Create a shallow clone with a history after the specified time.
Create a shallow clone with a history, excluding commits reachable from a specified remote branch or tag. This option can be specified multiple times.
So you can choose the maximum depth, a start date or a revision you don't want to be included in the shallow clone. Which one to use, depends on what you need.
The question asks for "a few recent commits" and "the last 5 commits", and I'm afraid that the available options (specially
--depth, mentioned in another answer) might not work in all cases.
--shallow-since= you can set a start date, but can't control the number of commits. And with
--depth, it's not guaranteed that the number of commits will be the same as the depth.
When you clone a repository, Git also sets your local HEAD to be the same HEAD set in the remote repository (or a specific branch, if you provide one in the command line, such as
git clone url --branch=somebranch). And the
--depth option will fetch all commits reachable from that HEAD, stopping at the specified depth. But setting a depth to some value X doesn't mean that it'll fetch exactly X commits. This option only tells Git the maximum number of "levels" to fetch, which might or might not result in the same number of commits.
For instance, if a commit has more than one parent (which is pretty common when a merge happens), then all parents will be at the same depth (at the same "level"), hence all will be fetched/downloaded.
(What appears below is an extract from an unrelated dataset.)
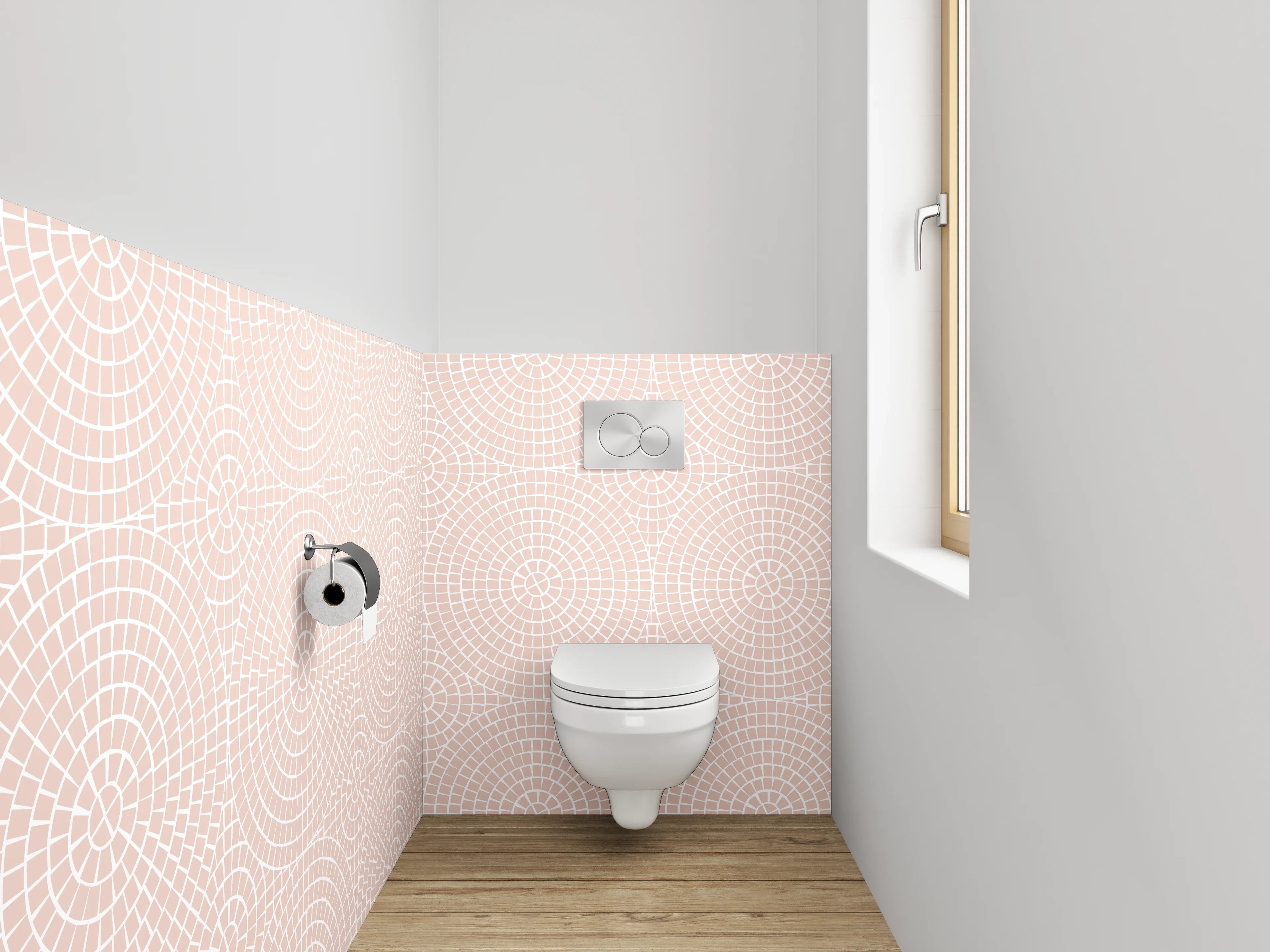 WC-Rückwand - Geometrisches Muster rosa Kreise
I've made a quick test here: first I checked out the master branch, then I merged 3 branches all at once, so the resulting commit has 4 parents (master's previous commit, plus the tip of the 3 merged branches).
I pushed this to a remote repo, then cloned it with
git clone --depth=2 remore_url, and 5 commits were fetched. I've checked this with
git log --graph --format="%C(#3299ff)%ad %C(auto)%h %C(#cdcd51)[%p] %C(#eeeeee bold)(%an)%C(auto)%d: %s" --decorate, and the output was:
*---. 2023-08-21 13:30:41 534da95 [99be355 8896d09 7519854 615db8f] (Hugo Kotsubo) (HEAD -> master, origin/master, origin/HEAD): Merge branches 'b1', 'b2' and 'b3'
|\ \ \
| | | * 2023-08-21 13:28:43 615db8f  (Hugo Kotsubo) (grafted): b3
| | * 2023-08-21 13:28:24 7519854  (Hugo Kotsubo) (grafted): b2
| * 2023-08-21 13:28:08 8896d09  (Hugo Kotsubo) (grafted): b1
* 2023-08-21 13:27:02 99be355  (Hugo Kotsubo) (grafted): new file
We can see that "level 1" is the remote's HEAD (in this case, the master branch). And "level 2" contains the tip of branches b1 (commit 8896d09), b2 (commit 7519854) and b3 (615db8f), and also the commit 99be355, which was the master branch before the merge.
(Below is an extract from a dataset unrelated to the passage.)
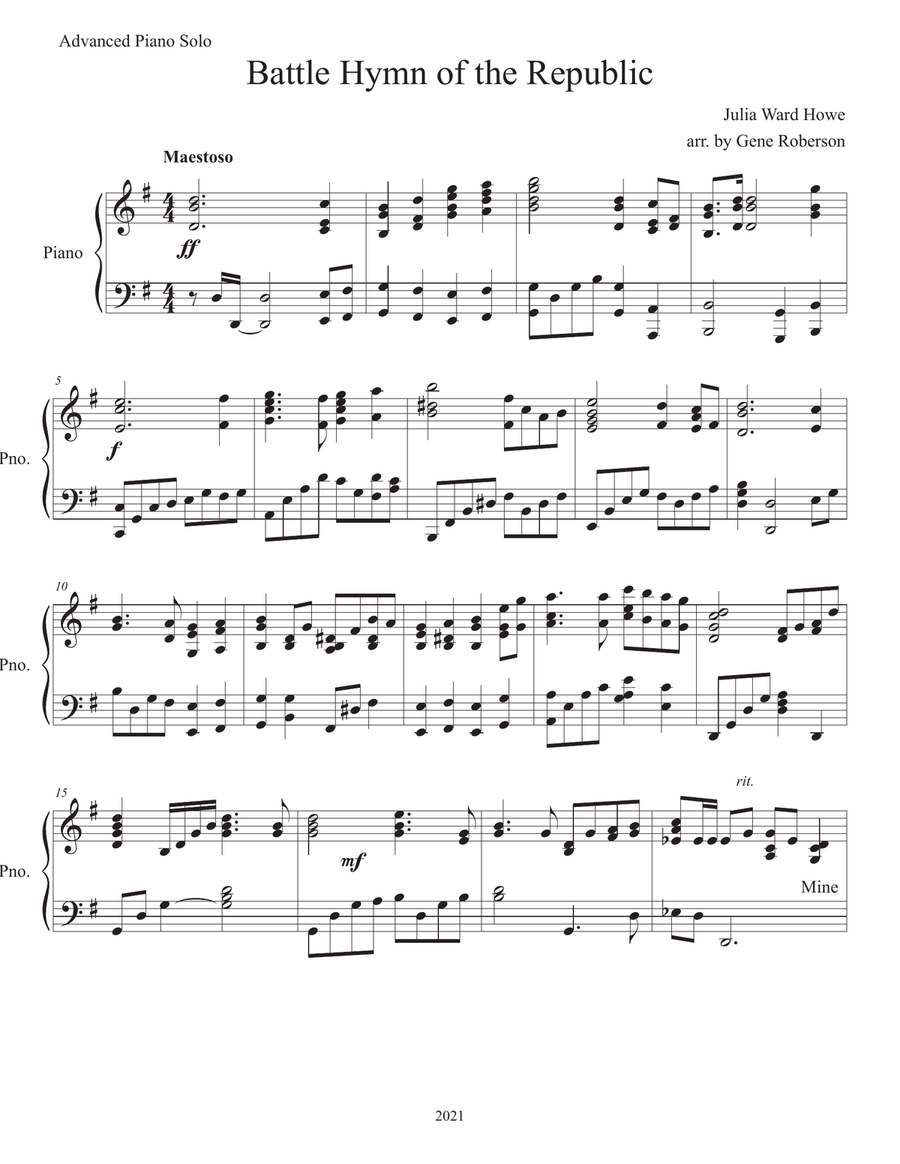 Battle Hymn of the Republic Advanced Piano Solo Piano Solo scores gallery preview page 2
--depth tells Git what the maximum depth I want, but the number of commits won't necessarily be the same. In the example above, I set the maximum depth to 2, but 5 commits were fetched (because one level has more than 1 commit).
Setting the maximum depth also doesn't guarantee that it'll get the most recent commits of the whole repository. What if another branch created lots of recent commits, but they're not merged onto master yet? With the above solution, the only guarantee I have is that I've got the last commits in the branch that corresponds to remote's HEAD.
Of course I could do
git clone --depth=5 url --branch=anotherbranch, but then I'll get only the most recent commits of that branch - and I'll need to have prior knowledge that that specific branch has the most recent commits, if I want "the most recent of all".
The same applies to
--shallow-since: it'll fetch the commits on the remote's HEAD (or a branch specified by
--branch option), but it won't work in cases where another branch has the most recent commits.
Actually, it's more complicated than that. What if the most recent commit is in one branch, the second most recent is in another branch, and so on? Then cloning one single branch won't do the trick.
If you want to know the most recent commits across all branches, I'm afraid there's no way to do it with
git clone and shallow clones (but I'd love to see an answer proving me wrong). Anyway, for that case, the only solution I can think of is: you'll have to clone the entire repository and then search for those commits (for instance, with something like
git branch --sort=-committerdate or
git for-each-ref --sort=-committerdate refs/heads/, and then getting the first N lines).